No começo da semana fui escolhido pela turma para ser um dos coordenadores para a organização da Festa Junina que o colégio iria realizar esses ano antes de sairmos de férias por um mês. Seriam dois coordenadores por série, sendo assim, seis coordenadores ao todo. Tal de Gabriel e Alex representariam o primeiro ano, eu e mais outra garota que se chama Lúcia estávamos representando o segundo ano e a Maria Eduarda e a Tatiana o terceiro ano.

Dias atrás fui surpreendido pelo beijo da Maria Eduarda e ficar perto dela começou a ser bem constrangedor. Eu ficava todo tenso, nervoso e mal conseguia olhar para ela. Não nos falamos mais depois daquele ocorrido, apesar de ela ter tentando se aproximar diversas vezes. O problema é que não dava pra fugir sempre que eu a via, já que nos últimos dois dias tivemos que nos reunir para conversar sobre os preparativos da festa.

Ela e a Tatiana ficaram responsáveis pelas musicas, pelas danças, figurinos e as apresentações dos alunos. Lúcia e eu ficamos com as barracas com os pratos e bebidas típicas. Sem nada alcoólico, claro. Mas eu tenho certeza que nisso o Rafael daria um jeito. Já os garotos do primeiro ano cuidaram da decoração do colégio.

Não seriamos os únicos encarregados de fazer a festa acontecer. No inicio da semana passada o diretor reuniu todo no ginásio e deu o comunicado a todos sobre seus planos para esse dia. Convidou a todos para participarem, mesmo que no dia não fosse necessariamente ter aula e muito menos lista de presença. Sugeriu também para aqueles que tivessem interesse que organizassem apresentações, danças, ou coisas do tipo. Em todas as salas também foi pedido algum tipo de prato ou bebida. E para aqueles que quisessem: que viessem caracterizados de acordo. E assim, se todos pudessem ajudar de alguma forma, a festa seria um grande sucesso.
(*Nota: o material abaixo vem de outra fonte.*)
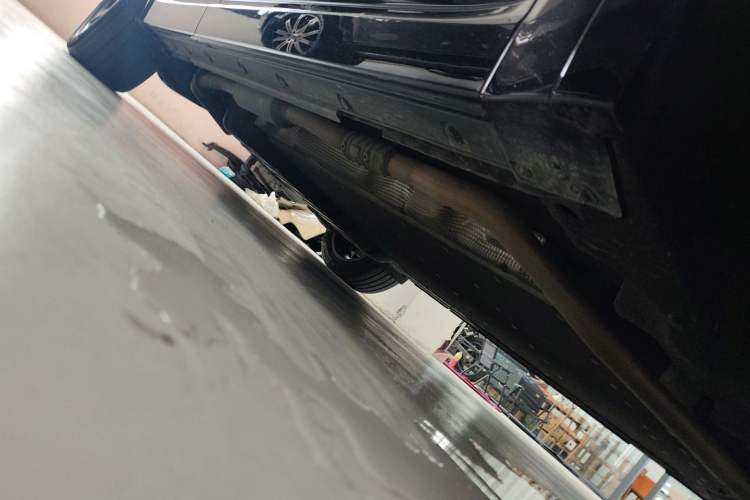 Used Li Auto L8 2023 Pro Model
Não preciso nem dizer que mais que a metade dos alunos ficaram eufóricos e animados com a festa. Alguns foram formando grupos e planejando os ensaios para as danças, outros iriam pedir aos pais que fizessem algum prato, já outros se uniram para fazer uma “vaquinha” para comprar refrigerantes e as garotas discutiam sobre as roupas.
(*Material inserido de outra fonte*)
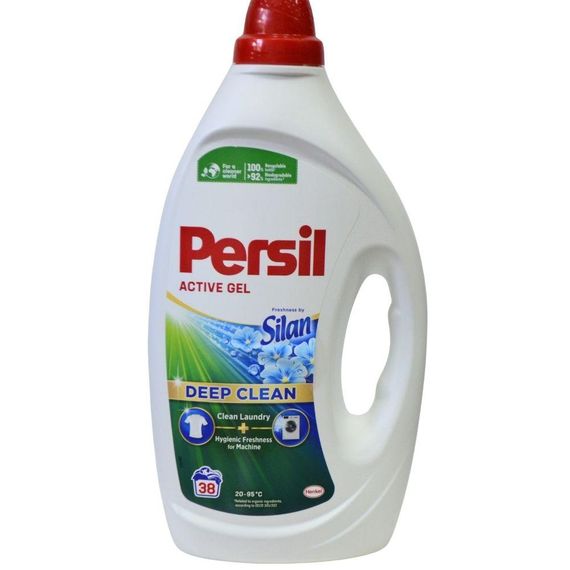 Гель для прання Persil 1,71л Свіжість від сілан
Hoje o dia estava especialmente agradável, com muito sol lá fora e um calor razoável. Foi uma surpresa e tanto chegar mais cedo no colégio e vê o pessoal já caracterizado. As garotas com as bochechas cheias de pintinhas, tranças no cabelo, vestidos coloridos de caipira e botas. Já os garotos mais simples, com o dente pintado, uma maquiagem preta como se tivessem barba e aquele típico chapéu de palha.

Eu, por exemplo, optei por uma camiseta branca básica, um jeans mais surrado dobrado na canela e deixando a mostra as meias coloridas que eu consegui do meu pai, pintei o dente da frente, fiz uma barba com o lápis de olho na minha irmã e comprei um chapéu de palha também.

A Gabriela ficou em casa dormindo. Ultimamente ela estava sem animo para tudo. O que costumava ser raro para ela. Eu sei que ela tem passado por uma crise bem complicada ultimamente. Mas é difícil entender o que se passa dentro da cabecinha maluca dela quando ela não se abre mais comigo, como se fossemos dois estranhos morando na mesma casa.

Resolvi dar uma folga pra ela.

A festa começaria cedo e terminaria cedo também. Com uma duração mais ou menos de cinco horas. Ao meio-dia estaríamos liberados e depois era só curtir as três semanas inteirinhas podendo acordar mais tarde.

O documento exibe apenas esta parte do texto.